Director of the National Institute of Sports of El Salvador
- Incumbent
- Assumed office June 2019
- President: Nayib Bukele

Member of the FIBA Central Board
- Incumbent
- Assumed office 23 August 2023

Second Vice President of FIBA Americas
- In office 16 June 2019 – 23 August 2023

Personal details
- Born: Yamil Alejandro Bukele Pérez 23 January 1978 (age 48) San Andrés, Colombia
- Spouse: Rebeca Elisa Sánchez Montes
- Children: 2
- Parents: Armando Bukele Kattán (father); Bernarda Rosa Pérez Pomare (mother);
- Relatives: Nayib Bukele (half-brother)
- Occupation: Sports executive, businessman, basketball player
- Basketball career

Career information
- Playing career: 2007–2012

Career history
- 2007–2012: Los Soles de San Andrés

= Yamil Bukele =

Salvadoran sports executive and basketball player

Yamil Alejandro Bukele Pérez (born 23 January 1978) is a Salvadoran-Colombian sports executive, businessman, and former basketball player. Bukele has served as the director of the National Institute of Sports of El Salvador (INDES) since 2019 and as a member of the FIBA Central Board since 2023. From 2019 to 2023, he also served as the second vice president of FIBA Americas.

== Early life ==

Yamil Alejandro Bukele Pérez was born on 23 January 1978 on the Colombian island of San Andrés. His parents were Armando Bukele Kattán and Bernarda Rosa Pérez Pomare and was the couple's only child. His father was of Palestinian ancestry and his mother was of Colombian ancestry. Bukele has nine half-siblings through his father, including Nayib Bukele who has served as President of El Salvador since 2019.
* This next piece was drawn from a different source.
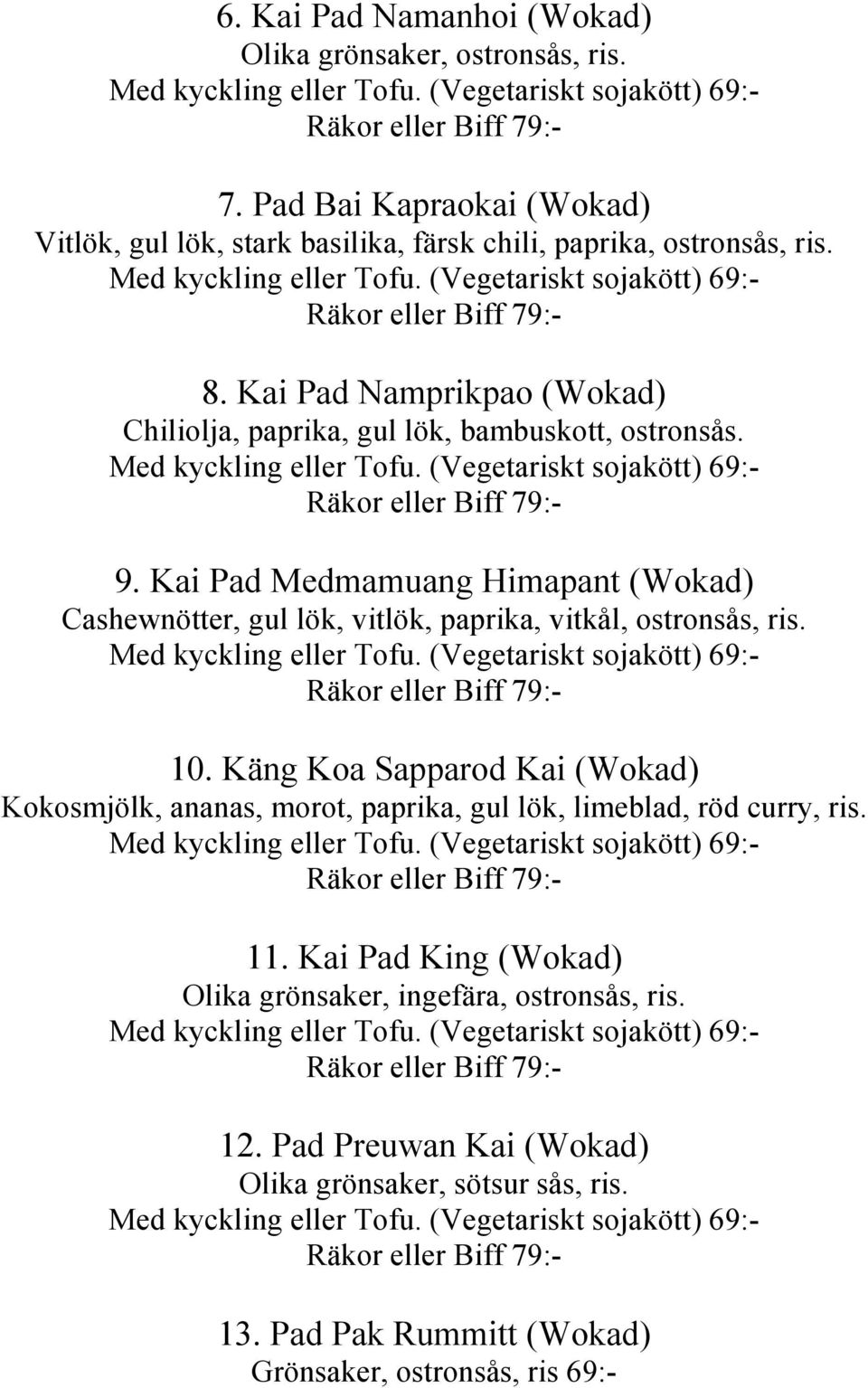 Kai Pad Medmamuang Himapant (Wokad) Cashewnötter, gul lök, vitlök, paprika, vitkål, ostronsås, ris. 10.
Bukele played basketball for Los Soles de San Andrés (a team he helped establish) that played in the Colombian Professional Basketball League from 2007 to 2012. Bukele also played for the El Salvador men's national basketball team in 2008. Bukele attended university in El Salvador and graduated as a Bachelor of Business Administration. He later attended the University of the Americas and graduated with a degree in marketing and advertising.

== Career ==

=== In El Salvador ===

From 2015 to 2018, Bukele served as the president of the Municipal Institute of Sports and Recreation of San Salvador when Nayib served as the city's mayor. Bukele's appointment by Nayib was criticized by both the right-wing Nationalist Republican Alliance (ARENA) and the left-wing Farabundo Martí National Liberation Front (FMLN). In 2019, Bukele became the president of the Salvadoran Basketball Federation (FESABAL). He also serves as the president of the Central American and Caribbean Basketball Confederation (CONCENCABA).

In 2019, Nayib appointed Bukele as the director of the National Institute of Sports of El Salvador (INDES). Bukele was the president of the Organizing Committee of the 2023 Central American and Caribbean Games that were held in El Salvador. In February 2025, Bukele confirmed that Copa INDES (formerly the Copa El Salvador) would be resurrected for the 2025 season of professional football in El Salvador. In March 2025, Bukele announced that the National Stadium of El Salvador would be inaugurated in 2027.

=== FIBA ===

In 2019, Bukele was elected as the second vice president of FIBA Americas for a four year term. In 2023, he was elected as a member of the FIBA Central Board for a four year term.

== Personal life ==

Bukele married Rebeca Elisa Sánchez Montes, a Costa Rican. The couple has two children. One of his children, Ivanka Bukele, is a professional swimmer that represents El Salvador at international competitions.